ML differs greatly from statistical analysis as the model “learns” patterns within the data set based on generalized models. These include MLPs (Multi-Layer Perceptron’s), RNN (Recurrent Neural Networks), LSTMs (Long Short-Term Memory) and GAN (Generative Adversarial Networks), to name but a few. The basic concept is that we apply “training” data to the models and through some fairly involved mathematical processes the parameters within the networks are optimized so that when the input is presented to the network, the output meets the prediction. More fundamentally, the data scientist does not need to be a domain expert in the field they are working in. It’s fair to say that we still need a domain expert to classify the data, but this would be somebody such as a QC engineer who can pass or fail the images. However, the data scientist building the complex ML models treats the video and its QC classification as data. They don’t need to understand where the boundary of pass and fail exists, only that it does, and that they design and train a model to provide the desired classification or prediction.
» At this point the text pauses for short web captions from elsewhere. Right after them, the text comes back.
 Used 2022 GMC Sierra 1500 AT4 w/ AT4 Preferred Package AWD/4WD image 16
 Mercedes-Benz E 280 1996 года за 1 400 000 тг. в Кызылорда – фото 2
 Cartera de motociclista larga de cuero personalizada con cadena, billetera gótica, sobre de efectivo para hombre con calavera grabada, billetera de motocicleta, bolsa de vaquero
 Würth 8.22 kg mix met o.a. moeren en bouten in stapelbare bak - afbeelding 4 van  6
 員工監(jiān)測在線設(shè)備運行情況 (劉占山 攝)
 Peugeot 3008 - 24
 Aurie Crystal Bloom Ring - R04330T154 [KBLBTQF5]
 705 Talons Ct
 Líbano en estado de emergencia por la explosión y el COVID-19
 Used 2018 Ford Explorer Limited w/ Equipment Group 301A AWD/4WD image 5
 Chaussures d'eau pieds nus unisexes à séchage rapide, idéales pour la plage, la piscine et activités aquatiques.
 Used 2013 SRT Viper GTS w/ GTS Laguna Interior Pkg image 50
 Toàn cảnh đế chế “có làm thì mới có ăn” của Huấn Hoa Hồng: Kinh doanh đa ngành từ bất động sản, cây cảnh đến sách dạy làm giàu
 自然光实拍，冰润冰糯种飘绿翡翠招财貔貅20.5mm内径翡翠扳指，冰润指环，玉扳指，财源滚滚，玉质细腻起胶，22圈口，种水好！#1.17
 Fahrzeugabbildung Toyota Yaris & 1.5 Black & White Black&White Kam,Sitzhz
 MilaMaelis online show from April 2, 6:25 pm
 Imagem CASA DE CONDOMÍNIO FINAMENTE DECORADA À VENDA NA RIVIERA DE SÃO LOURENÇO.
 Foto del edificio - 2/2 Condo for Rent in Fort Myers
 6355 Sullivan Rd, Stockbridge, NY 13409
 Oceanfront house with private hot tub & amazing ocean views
When we talk about ML it covers two distinct processes, the training, and evaluation. Training is the process of teaching the model to find the patterns within the training dataset that matches the desired output. After the model is trained, previously unseen data is presented to the model during the evaluation phase which in turn provides a pass or fail output.

Training is based on presenting tens, or even hundreds of thousands of datapoints so that the parameters within the model can be automatically adjusted. These same parameters are used during evaluation so that the model can now provide a classification prediction on previously unseen data. Later in this series we delve deeper into the fundamentals of training and evaluation to demonstrate how complex this process really is.

Although classification is used extensively by ML to tag images and sound, ML also comes into its own when we start considering prediction, specifically in compression and standards rate conversion. If an ML model can predict the next frame of video, or sequence of frames of video, then we have an incredibly powerful tool. We no longer need to be concerned with motion compensation as the model will be able to predict the next pixel values. And a similar argument applies to video and audio compression.

One of the interesting aspects of ML is that the training data implies the solution is based on past experiences. This is similar to the operation of the human brain, and this is one of the reasons pundits draw comparisons to the workings of the mind. ML doesn’t pretend to replace the human brain in any way, but it does replicate the methods with which we all learn. In later parts of this series, we look at the importance of training data and how confirmation bias can affect the quality of the ML solution. ML is all about the training data!